**EXERCISE AIM**
Everything from the line that contains "TempZone Cable layout with sensor and manual" to the final line of the data, both ends included, must be set down exactly, apart from the pictures.

**DATA BELOW**
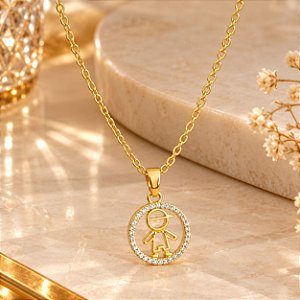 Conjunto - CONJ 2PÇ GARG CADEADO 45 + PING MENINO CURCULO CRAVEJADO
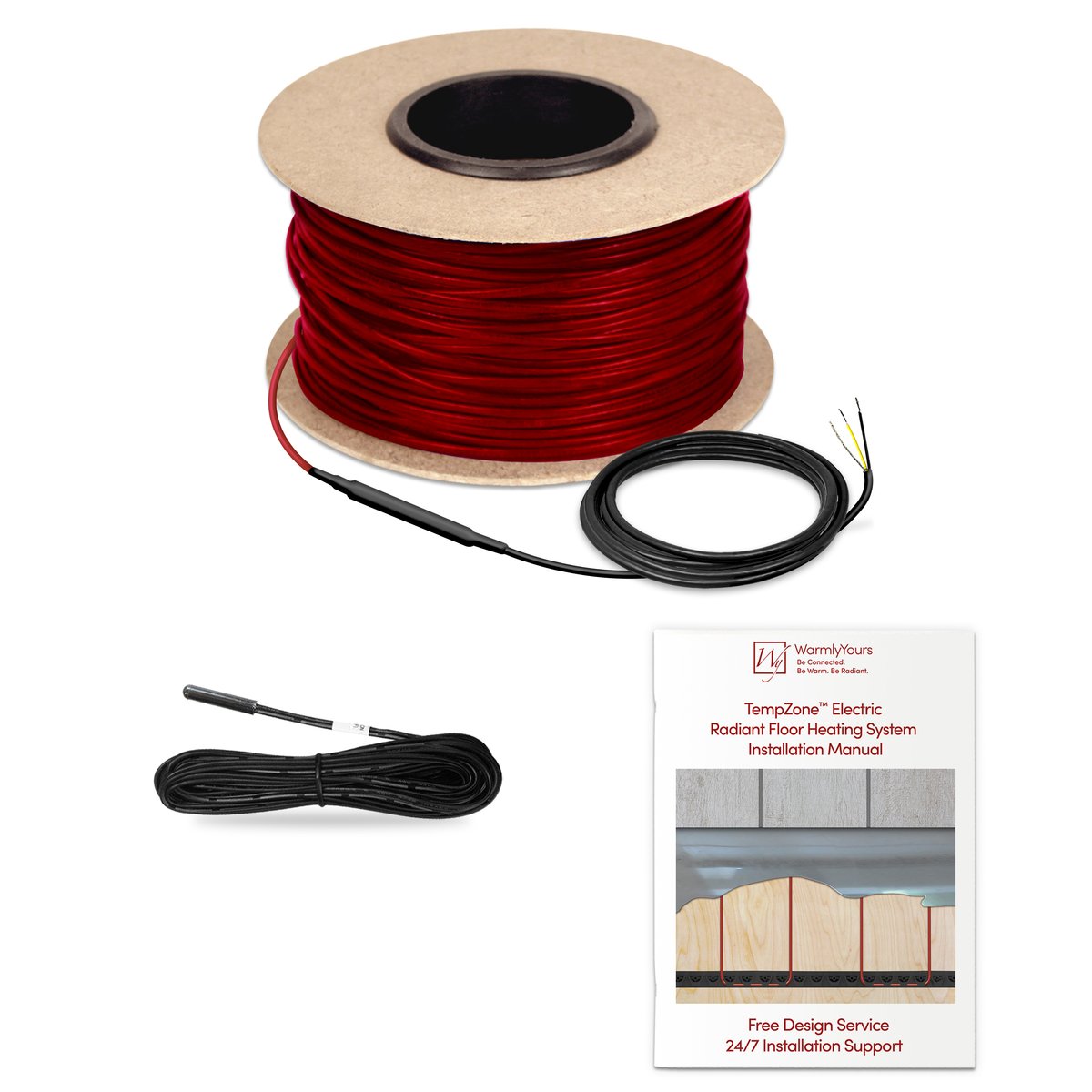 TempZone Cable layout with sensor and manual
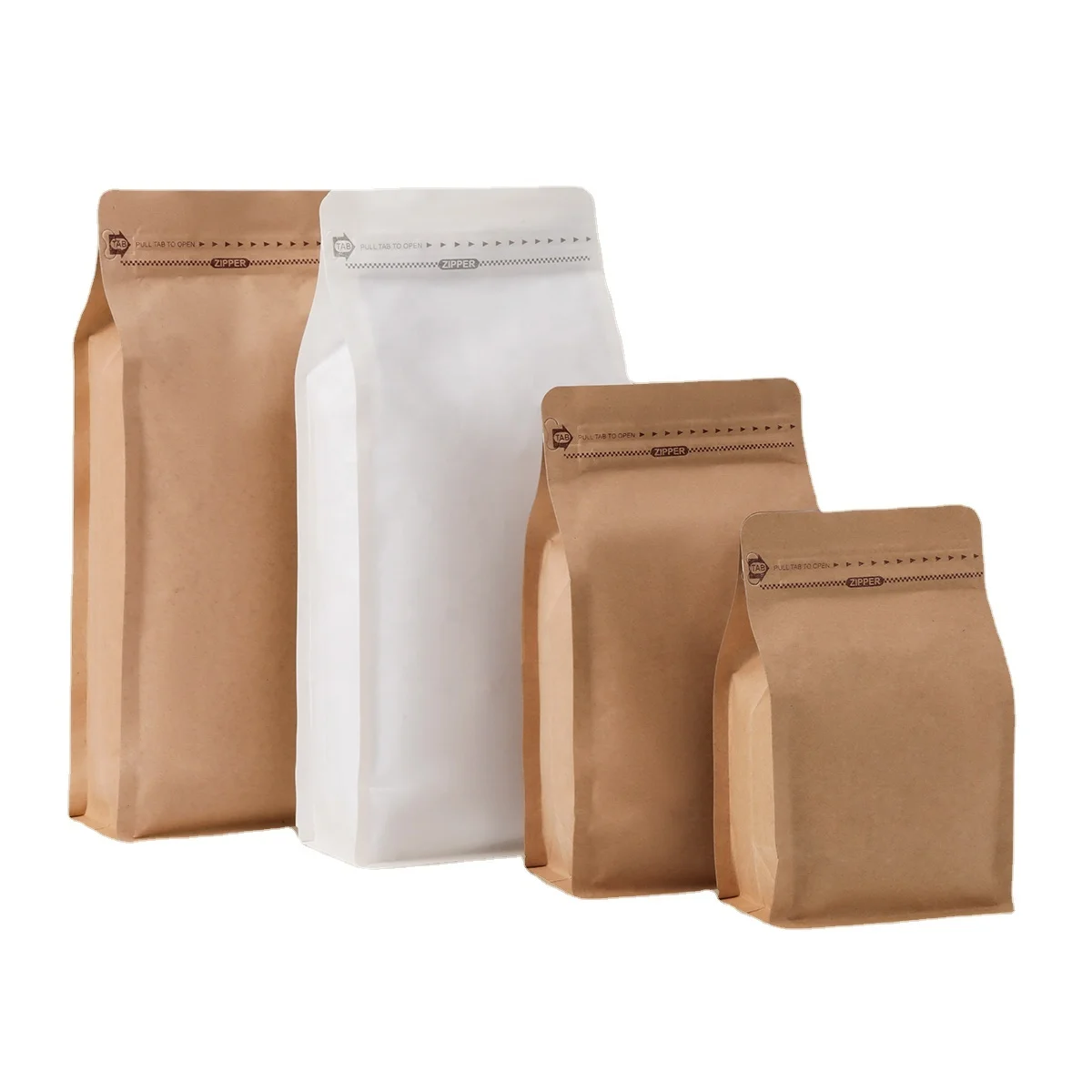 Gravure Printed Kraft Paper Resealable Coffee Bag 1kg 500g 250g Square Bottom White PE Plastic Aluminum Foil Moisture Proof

**REPLY TO THE TASK**
 TempZone Cable layout with sensor and manual
 Gravure Printed Kraft Paper Resealable Coffee Bag 1kg 500g 250g Square Bottom White PE Plastic Aluminum Foil Moisture Proof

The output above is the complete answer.